Quem imediatamente a ajuda nessa tentativa de reconstrução
pessoal é sua irmã Lea (Elsa Zylberstein, de "Modigliani"),
jovem professora que a acolhe em seu lar, onde mora com
o marido lexicógrafo, duas filhas asiáticas adotadas e
o sogro emudecido depois de um acidente vascular cerebral.
Aos poucos, Fontaine tenta se reinserir na sociedade,
procurando um emprego. Ela também deseja encontrar
seu lugar no mundo e buscar sua paz pessoal, tarefas que
não serão nada tranquilas, com um pretérito e uma
culpa a lhe assombrarem diuturnamente e em qualquer situação
- até em um jantar entre amigos. Essa cena, em particular,
carrega duas ironias consigo; a primeira é de que o sujeito
mais chato do filme se declara fã do cinema de Rohmer,
o que poderia parecer uma metáfora, tendo em vista as
aborrecidas fitas do realizador francês. A segunda: após
ser longamente acossada pelo interlocutor mala acima citado
sobre revelar o mistério de sua vinda à uma cidade
que ainda lhe é estranha, Juliette diz ter ficado
presa por quinze anos (expressão da verdade) e, à
exceção de um sensível homem, todos
os convivas à mesa - os quais não conhecem a história
dela - riem da "piada".
Por opção de um diretor - também roteirista - preocupado
em não dar respostas fáceis, bem como devotado a esmiuçar
aspectos humanos dos personagens apresentados (com raro
carinho aos coadjuvantes), sem pressa tomamos consciência
do passado de Juliette pelos fatos do presente, o que
desemboca na divulgação de um triste segredo. A forma
como é dada essa revelação rompe com o modo semi-desdramatizado
- genuíno do cinema europeu - como era conduzida
a narrativa até então para assumir um caráter dramático
mais próximo do hollywoodiano nos seus minutos finais.
Mesmo assim, a conclusão de "Há Tanto Tempo..."

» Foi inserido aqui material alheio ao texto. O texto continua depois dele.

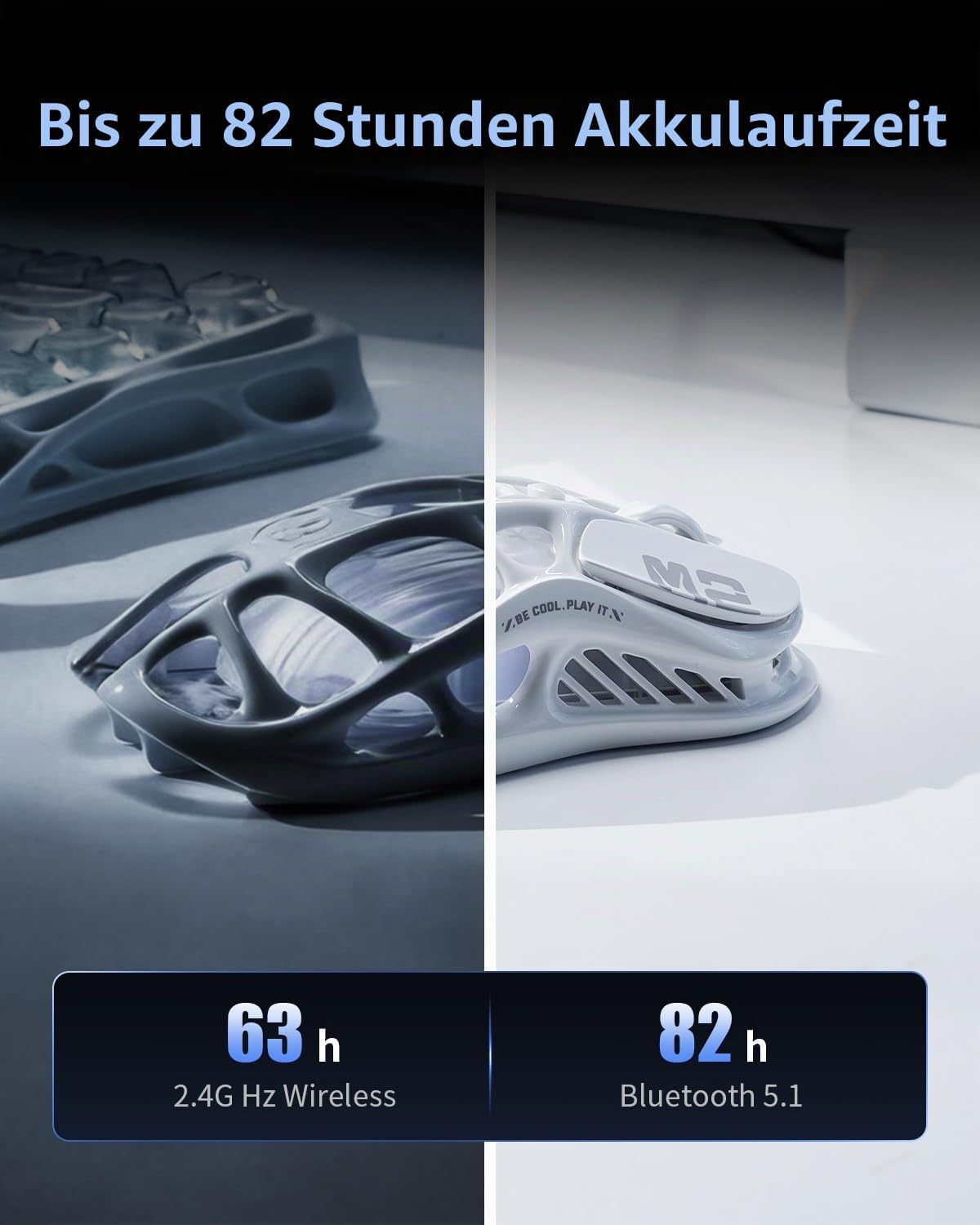 Thumbnail 3 de GravaStar Mercury M2 Gaming-Maus kabellos (2,4 GHz/Bluetooth/Kabel) mit bis zu 26.000 DPI, 79 g und PAW3395
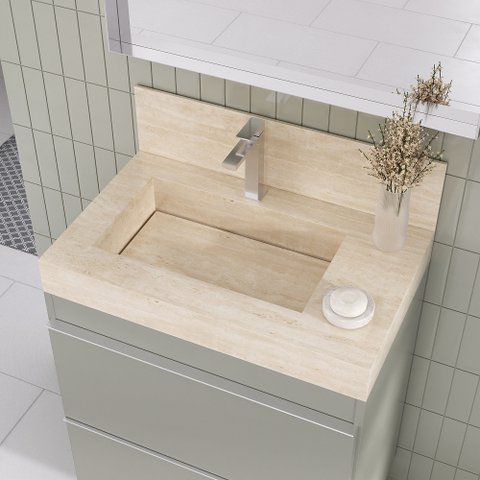 Lavatório em Porcelanato para Banheiro Slim 60cm com Cuba Esculpida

é digna de méritos, pois, ao tocar em um tema extremamente
delicado ali emergente, ainda o faz de modo bem mais sutil
do que premiados dramalhões recentes os quais abordaram
a mesma temática.
Cabe destacar a ótima atuação de Kristin Scott Thomas,
não apenas por ser uma atriz inglesa que aqui fala em
francês com quase nenhum sotaque, mas principalmente pela
capacidade de traduzir estados de espírito em falas, gestos,
olhares, e sobretudo, silêncios. É dela a frase final
da película, que resume com propriedade o retorno de sua
personagem à humanidade, após vasto período de sombra.
HÁ TANTO TEMPO QUE TE AMO ("Il y a Longtemps
que je T'Aime", França/Alemanha, 2008)
Direção: Philippe Claudel.
Elenco: Kristin Scott Thomas, Elsa Zylberstein,
Serge Haznavicius, Fréderic Pierrot.